THE PROBLEM: The answer is every line in the data below that contains the word "Sterling".

Caption-style text data:
Start of Block
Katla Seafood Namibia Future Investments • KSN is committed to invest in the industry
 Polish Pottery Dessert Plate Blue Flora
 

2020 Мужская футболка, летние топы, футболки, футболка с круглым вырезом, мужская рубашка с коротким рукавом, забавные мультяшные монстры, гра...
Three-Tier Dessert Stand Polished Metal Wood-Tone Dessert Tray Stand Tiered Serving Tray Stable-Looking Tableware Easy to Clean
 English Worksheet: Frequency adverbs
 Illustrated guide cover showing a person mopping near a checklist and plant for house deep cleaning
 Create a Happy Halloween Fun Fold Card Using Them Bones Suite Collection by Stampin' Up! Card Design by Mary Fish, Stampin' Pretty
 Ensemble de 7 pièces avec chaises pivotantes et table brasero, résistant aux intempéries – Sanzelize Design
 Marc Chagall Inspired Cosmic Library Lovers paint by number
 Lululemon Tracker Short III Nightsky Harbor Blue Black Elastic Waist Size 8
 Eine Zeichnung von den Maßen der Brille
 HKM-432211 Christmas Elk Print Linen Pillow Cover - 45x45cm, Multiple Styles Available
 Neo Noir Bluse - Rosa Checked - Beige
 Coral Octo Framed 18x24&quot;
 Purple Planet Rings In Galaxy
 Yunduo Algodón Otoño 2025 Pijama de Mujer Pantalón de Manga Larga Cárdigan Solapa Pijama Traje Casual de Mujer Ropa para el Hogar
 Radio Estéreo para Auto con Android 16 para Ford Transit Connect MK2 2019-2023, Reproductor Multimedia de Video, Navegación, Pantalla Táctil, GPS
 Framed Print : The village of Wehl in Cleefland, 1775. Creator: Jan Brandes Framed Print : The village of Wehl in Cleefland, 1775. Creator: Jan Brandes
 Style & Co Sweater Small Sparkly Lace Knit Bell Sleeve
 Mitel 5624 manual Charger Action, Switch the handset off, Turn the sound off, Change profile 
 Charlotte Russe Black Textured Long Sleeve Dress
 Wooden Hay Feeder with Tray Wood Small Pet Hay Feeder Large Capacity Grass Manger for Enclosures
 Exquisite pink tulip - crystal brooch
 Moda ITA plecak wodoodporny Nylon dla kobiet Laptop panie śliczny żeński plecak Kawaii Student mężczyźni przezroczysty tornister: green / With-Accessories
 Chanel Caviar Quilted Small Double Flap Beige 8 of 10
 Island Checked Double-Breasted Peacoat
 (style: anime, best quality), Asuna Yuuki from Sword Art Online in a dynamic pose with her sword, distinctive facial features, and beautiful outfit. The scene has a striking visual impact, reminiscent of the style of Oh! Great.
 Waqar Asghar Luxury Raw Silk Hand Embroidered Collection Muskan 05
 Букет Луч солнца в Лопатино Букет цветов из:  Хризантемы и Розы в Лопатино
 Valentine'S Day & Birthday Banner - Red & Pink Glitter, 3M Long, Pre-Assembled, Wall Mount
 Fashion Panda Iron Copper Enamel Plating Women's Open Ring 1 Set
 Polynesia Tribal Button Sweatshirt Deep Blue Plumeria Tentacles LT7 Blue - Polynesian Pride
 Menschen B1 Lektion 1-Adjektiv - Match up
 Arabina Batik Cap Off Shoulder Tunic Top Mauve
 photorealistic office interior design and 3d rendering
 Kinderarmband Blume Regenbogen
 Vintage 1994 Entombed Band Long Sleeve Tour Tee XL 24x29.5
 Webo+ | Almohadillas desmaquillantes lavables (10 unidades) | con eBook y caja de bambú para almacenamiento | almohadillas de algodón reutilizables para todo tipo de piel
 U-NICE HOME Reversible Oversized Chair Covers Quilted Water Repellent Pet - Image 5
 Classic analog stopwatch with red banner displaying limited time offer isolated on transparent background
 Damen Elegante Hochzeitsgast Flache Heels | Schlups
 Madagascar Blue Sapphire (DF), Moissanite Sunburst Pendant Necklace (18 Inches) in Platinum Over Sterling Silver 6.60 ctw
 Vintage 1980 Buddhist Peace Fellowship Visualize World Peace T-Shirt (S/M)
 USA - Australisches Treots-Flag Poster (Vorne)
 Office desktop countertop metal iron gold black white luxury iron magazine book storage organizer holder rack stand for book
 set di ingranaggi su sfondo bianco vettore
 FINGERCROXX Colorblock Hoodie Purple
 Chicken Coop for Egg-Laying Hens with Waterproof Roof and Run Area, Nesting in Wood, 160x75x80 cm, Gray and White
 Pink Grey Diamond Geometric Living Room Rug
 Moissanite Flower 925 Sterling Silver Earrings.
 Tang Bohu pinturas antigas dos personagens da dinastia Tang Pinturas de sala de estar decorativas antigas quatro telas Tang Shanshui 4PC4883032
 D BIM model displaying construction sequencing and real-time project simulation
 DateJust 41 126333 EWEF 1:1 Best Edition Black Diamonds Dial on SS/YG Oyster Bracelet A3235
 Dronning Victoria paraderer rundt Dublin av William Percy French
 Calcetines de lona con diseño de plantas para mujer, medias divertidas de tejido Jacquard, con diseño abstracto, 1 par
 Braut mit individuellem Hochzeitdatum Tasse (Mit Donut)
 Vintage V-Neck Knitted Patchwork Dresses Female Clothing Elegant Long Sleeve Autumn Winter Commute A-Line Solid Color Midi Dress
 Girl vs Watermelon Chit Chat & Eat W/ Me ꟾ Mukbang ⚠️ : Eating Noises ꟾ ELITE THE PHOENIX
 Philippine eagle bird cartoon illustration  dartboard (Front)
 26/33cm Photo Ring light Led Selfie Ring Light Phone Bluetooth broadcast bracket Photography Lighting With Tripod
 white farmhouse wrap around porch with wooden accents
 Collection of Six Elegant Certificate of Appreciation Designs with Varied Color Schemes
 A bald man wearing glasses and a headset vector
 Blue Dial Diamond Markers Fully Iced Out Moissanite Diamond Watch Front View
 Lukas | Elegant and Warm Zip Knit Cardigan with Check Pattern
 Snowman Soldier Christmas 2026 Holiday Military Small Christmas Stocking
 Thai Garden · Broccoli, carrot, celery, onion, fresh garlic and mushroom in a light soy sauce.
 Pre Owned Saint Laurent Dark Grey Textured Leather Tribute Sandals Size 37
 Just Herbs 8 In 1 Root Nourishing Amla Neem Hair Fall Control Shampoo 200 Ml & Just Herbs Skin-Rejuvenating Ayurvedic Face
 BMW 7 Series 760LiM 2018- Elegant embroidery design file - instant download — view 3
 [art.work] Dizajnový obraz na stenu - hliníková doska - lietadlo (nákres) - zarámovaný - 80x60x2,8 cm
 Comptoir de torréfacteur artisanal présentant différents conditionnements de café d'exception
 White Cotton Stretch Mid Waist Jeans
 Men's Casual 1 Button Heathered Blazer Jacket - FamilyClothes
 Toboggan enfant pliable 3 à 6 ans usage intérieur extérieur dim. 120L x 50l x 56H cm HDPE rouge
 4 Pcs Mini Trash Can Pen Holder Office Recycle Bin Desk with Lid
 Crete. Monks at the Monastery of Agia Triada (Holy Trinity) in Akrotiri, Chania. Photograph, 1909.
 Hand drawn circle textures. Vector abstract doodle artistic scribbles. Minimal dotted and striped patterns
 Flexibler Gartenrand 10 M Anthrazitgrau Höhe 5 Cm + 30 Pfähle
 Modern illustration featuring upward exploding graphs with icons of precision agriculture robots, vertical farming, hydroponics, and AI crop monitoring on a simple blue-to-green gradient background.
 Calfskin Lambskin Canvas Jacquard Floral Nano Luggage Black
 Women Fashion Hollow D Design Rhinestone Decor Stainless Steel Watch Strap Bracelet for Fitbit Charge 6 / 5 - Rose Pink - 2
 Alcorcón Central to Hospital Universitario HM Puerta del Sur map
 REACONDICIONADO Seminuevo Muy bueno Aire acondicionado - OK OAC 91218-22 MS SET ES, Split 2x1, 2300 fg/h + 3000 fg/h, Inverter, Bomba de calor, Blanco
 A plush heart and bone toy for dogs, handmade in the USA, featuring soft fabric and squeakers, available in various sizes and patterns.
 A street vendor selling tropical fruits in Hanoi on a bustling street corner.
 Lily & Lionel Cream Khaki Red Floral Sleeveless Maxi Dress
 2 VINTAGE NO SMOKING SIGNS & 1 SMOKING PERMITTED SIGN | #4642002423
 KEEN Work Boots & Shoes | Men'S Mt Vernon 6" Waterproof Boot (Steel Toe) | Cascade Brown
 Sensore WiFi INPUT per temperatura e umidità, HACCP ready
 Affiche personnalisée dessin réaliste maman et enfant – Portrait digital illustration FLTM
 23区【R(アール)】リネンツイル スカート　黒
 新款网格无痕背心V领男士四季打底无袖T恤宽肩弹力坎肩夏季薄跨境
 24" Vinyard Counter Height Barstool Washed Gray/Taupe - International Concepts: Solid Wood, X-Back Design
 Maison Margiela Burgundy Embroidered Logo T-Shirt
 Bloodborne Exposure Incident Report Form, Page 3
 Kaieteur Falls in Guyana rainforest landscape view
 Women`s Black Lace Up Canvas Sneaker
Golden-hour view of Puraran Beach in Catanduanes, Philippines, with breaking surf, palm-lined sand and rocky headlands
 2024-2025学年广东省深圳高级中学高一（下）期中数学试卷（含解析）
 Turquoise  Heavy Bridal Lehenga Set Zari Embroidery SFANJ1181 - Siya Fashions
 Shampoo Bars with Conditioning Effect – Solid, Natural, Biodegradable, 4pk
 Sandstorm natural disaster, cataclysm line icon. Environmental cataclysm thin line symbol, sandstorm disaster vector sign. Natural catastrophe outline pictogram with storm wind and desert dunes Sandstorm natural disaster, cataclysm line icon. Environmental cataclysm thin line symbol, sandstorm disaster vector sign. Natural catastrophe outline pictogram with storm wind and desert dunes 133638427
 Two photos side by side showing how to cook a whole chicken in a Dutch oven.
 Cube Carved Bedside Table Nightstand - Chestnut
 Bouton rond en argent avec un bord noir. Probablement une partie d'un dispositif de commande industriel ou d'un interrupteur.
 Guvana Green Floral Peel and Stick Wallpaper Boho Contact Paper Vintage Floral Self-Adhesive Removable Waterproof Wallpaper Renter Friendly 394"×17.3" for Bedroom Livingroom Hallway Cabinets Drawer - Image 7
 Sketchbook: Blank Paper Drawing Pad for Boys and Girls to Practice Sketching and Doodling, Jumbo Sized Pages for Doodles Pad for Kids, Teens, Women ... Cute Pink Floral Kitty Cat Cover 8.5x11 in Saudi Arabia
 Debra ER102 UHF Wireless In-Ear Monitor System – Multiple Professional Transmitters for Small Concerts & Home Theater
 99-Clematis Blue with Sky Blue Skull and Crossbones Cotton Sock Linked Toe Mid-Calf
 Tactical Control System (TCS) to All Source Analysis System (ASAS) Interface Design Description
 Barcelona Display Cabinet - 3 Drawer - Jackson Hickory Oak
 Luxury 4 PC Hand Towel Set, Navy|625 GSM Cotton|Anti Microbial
End of Block
EXERCISE RESPONSE:
 Madagascar Blue Sapphire (DF), Moissanite Sunburst Pendant Necklace (18 Inches) in Platinum Over Sterling Silver 6.60 ctw
 Moissanite Flower 925 Sterling Silver Earrings.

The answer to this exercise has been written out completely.